L’Amérique “en avance sur nous”, disions-nous? C’était vrai, cela ne l’est plus tout à fait. Les Français, si peu “internautes” selon leur tradition, le sont devenus par obligation moderniste, — ou, soyons plus précis, par obligation “antimoderniste”. Jamais la phrase-fétiche que nous nous répétons comme une devise (définition de l’antimoderne : « Celui qui peut dire “nous modernes” tout en dénonçant le moderne. ») ne nous a paru aussi appropriée : se saisir d’un des outils de la modernité, s’en servir comme un véritable “moderne” pour mettre en accusation par le fait une des perversités fondamentales de la modernité, par l’usage du fait (les publications sur Internet) toutes les perversités du modernisme.

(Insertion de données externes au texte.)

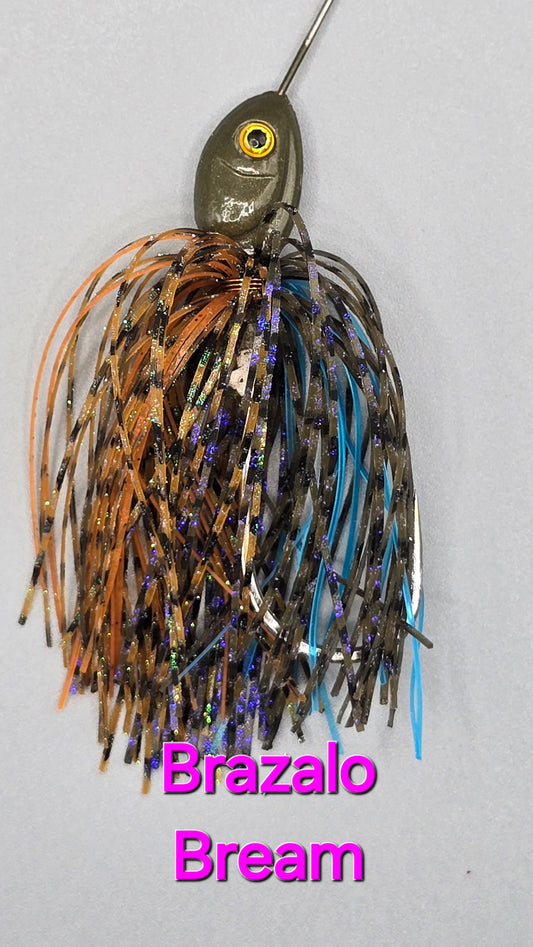 Tandem Willow Spinnerbait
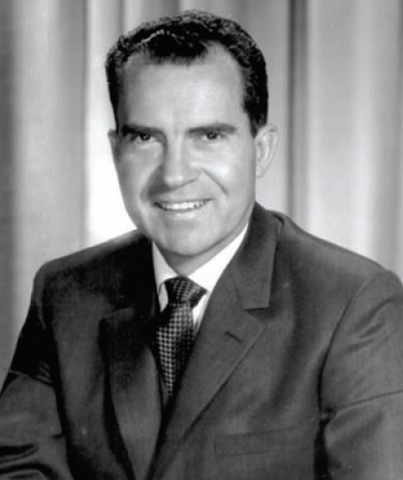 President Nixon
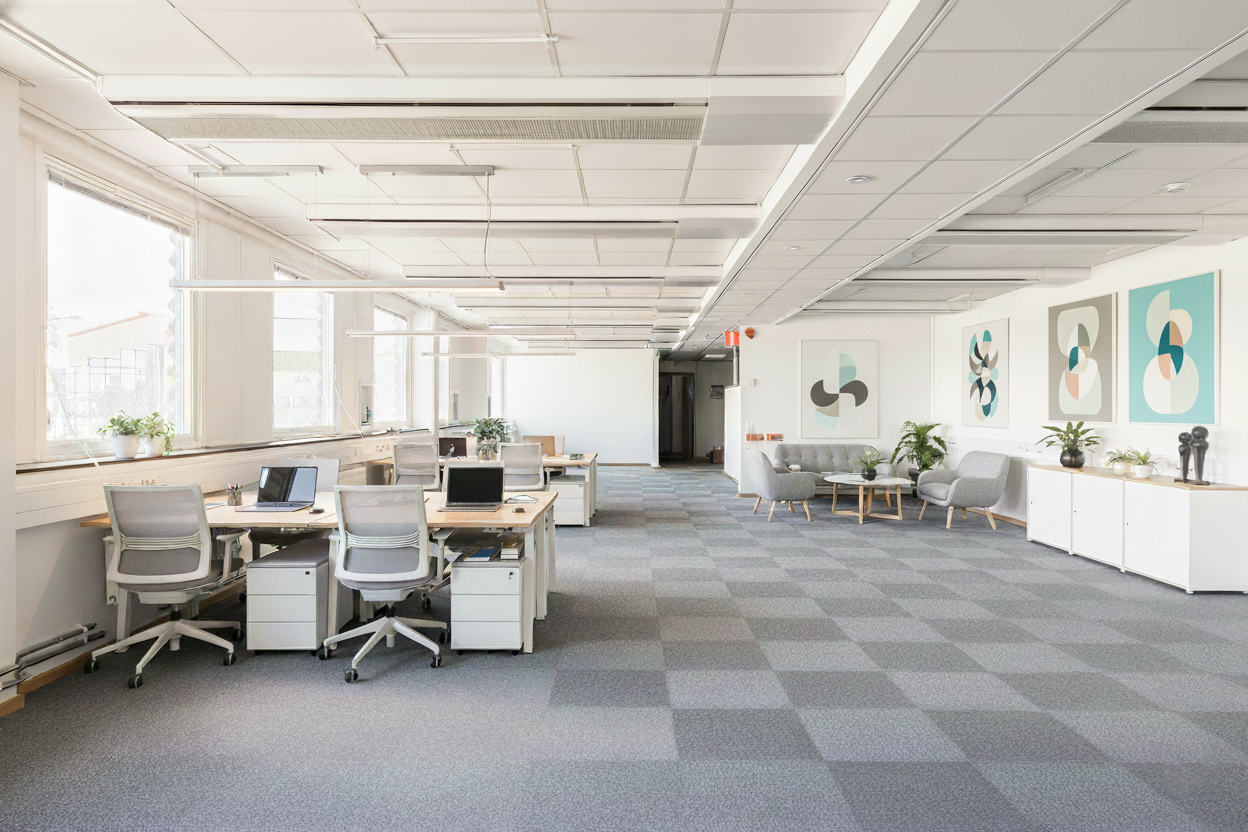 Kontor 243 kvm i Jägersro, Malmö – Jägersrovägen 151 bild 1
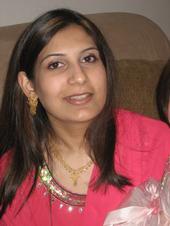 Aayshah Mirza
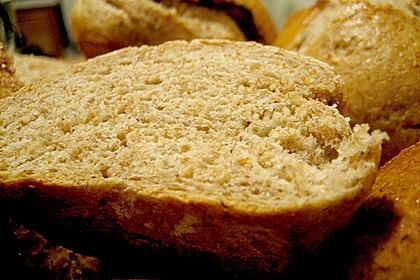 Brot und Brötchen schleifen 31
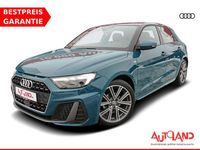 Gebraucht Audi A1 Comfort 2021 Grün SUV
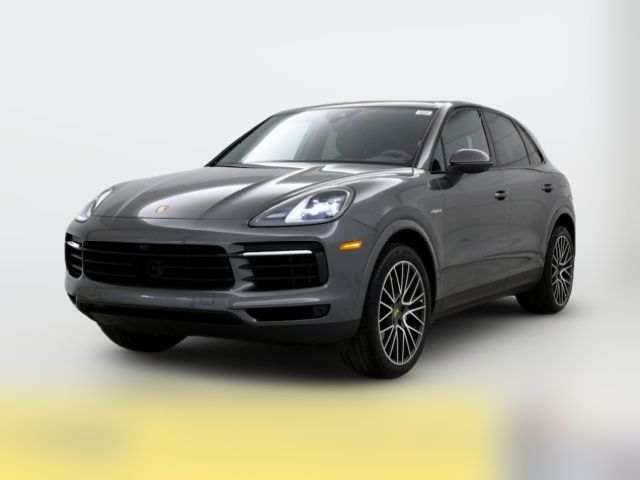 2019 Porsche Cayenne E-Hybrid Base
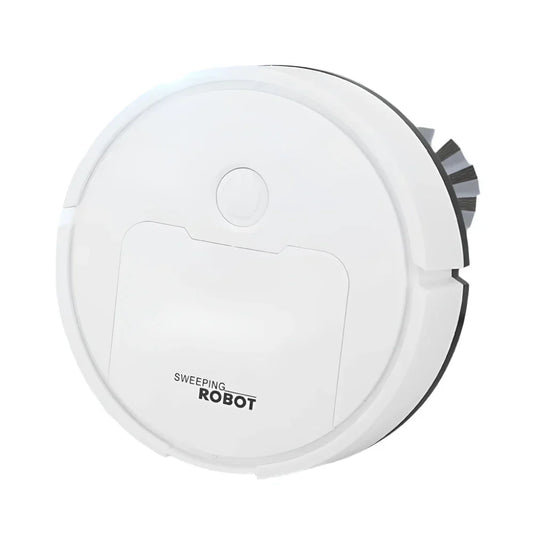 Automatic Intelligent Sweeping and Mopping Robot-0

Certes, ce que nous révèle l’analyse des chercheurs de l’université de Compiègne marque une nouvelle étape dans l’affirmation du réseau comme acteur essentiel de la politique du monde. La chose est incontestable : Internet a, en France, participé de manière fondamentale à la manufacture de l’événement que fut le “non” au référendum. En cela, Internet a pris le système a son propre piège, et il a serré, serré, jusqu’au vote du 29 mai. Il a acquis une nouvelle dimension : il est devenu pouvoir lui-même.
En un sens, l’évolution américaine signalée plus haut renvoie au même phénomène. Indirectement, Internet-dissident a sa part dans le recul sensible de la confiance des Américains dans les deux piliers du régime (l’armée et la presse), dans cette marque sociologique profonde dans une attitude qui conditionne la survie du système. C’est un acte de pouvoir, cela, et, peut-être, — selon ce que dira l’avenir, — un acte de prise de pouvoir.
Le trait le plus marquant de ce nouveau pouvoir qu’est Internet est qu’il échappe aux caractères qui forment le pouvoir : il est sans identité, insaisissable, imprévisible, omniprésent et ainsi de suite … “Démocratique”, diraient nos amis internautes? Allons, pas de sentimentalisme ni de romantisme. Comme pouvoir, Internet c’est plutôt Big Brother, mais complètement à l’envers, fait pour faire mordre la poussière au vrai Big Brother — lequel, par bonheur et éventuellement sous les traits assez sympathiques et finalement très communs de GW, se montre d’une maladresse et d’une médiocrité si extrêmes.